I have an optimization question.

I want to solve the following problem:

$$\arg\min_S\frac{1}{2}\|s-c\|_2^2 +\lambda\|\Phi s\|_1 \mbox{ s.t. } As = 0$$

in which $$\Phi$$ is the wavelet transform operator.

My strategy is to find the close form solution of the lasso problem by using the orthogonal invariance property of $$\Phi$$, and then we project the solution onto the affine space.

I think this method will not converge to the optimal solution, but the numerical results shows good.

Is there any efficient method to solve this kind of problem?

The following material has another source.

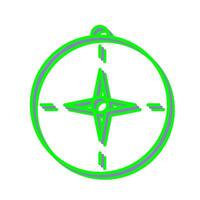 Compass Vector Icon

• @Royi, Since we have a wavelet transform in the problem, I want to call $\Phi$ as less as possible, I want to seek a solution like that. Jan 16, 2019 at 23:54
• Could you explain what "orthogonal invariance property of Φ" means?
– Royi
Jan 17, 2019 at 0:18
• @Royi $\|\Phi x\|_2 = \|x\|_2$ Jan 17, 2019 at 0:21
• This is called Unitary Matrix. I don't think it is usable for the Lasso case in the ${L}_{1}$ term.
– Royi
Jan 17, 2019 at 8:04
• @Royi, I don't think subgradient is a good strategy. Jan 29, 2019 at 5:36

Indeed you can not solve the problem ignoring the equality constraints and then project the solution onto the set of solution for the constraint. It is easy to build real world example which shows that.

Yet, it might be that in most cases it will work reasonably well.

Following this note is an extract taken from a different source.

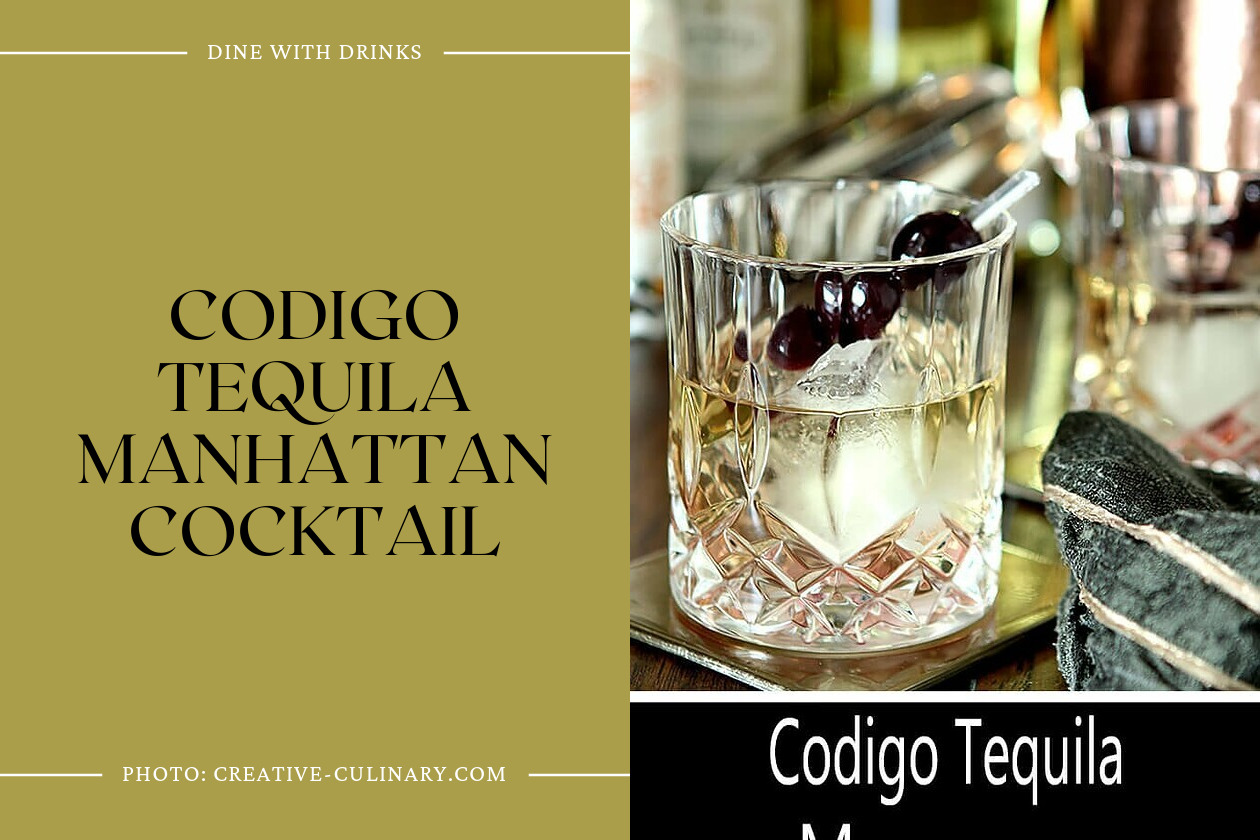 Codigo Tequila Manhattan Cocktail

You didn't mention how you solve the LASSO Problem but one of the easiest ways to solve it is using Sub Gradient Descent (Though it is not the fastest, but the idea is simple).

The Sub Gradient is a generalization of the Gradient Descent for cases which are not differentiable like the $${L}_{1}$$ Norm.

The Sub Graident of your function above is given by:

$$s - c + \lambda {\Phi}^{T} \operatorname{sign} \left( \Phi s \right)$$

The nice thing about the Sub Gradient method that it has the Projected Sub Gradient variant which fits exactly what you need.

What you need to do is each iteration of the Sub Gradient Descent to project the result of the step onto the set of the constraint.

It will be something like:

1. $${s}^{ \left( k + \frac{1}{2} \right) } = {s}^{ \left( k \right) } - \alpha \left( {s}^{ \left( k \right) } - c + \lambda {\Phi}^{T} \operatorname{sign} \left( \Phi {s}^{ \left( k \right) } \right) \right)$$.
2. $${s}^{ \left( k + 1 \right) } = {s}^{ \left( k + \frac{1}{2} \right) } - {A}^{T} {\left( A {A}^{T} \right)}^{-1} A {s}^{ \left( k + \frac{1}{2} \right) }$$.

When you need to iterate between those steps until the solution is converged.
It is easy to see that step (2) is projection onto the convex set defined by $$A s = 0$$.

Of course you can replace the Sub Gradient by something more modern and efficient as FISTA and this will still work like a charm (Iterating by Graidnet Step and Projection Step).

Why not add an $$\alpha\|As\|$$ term to the optimization instead of having it as a constraint?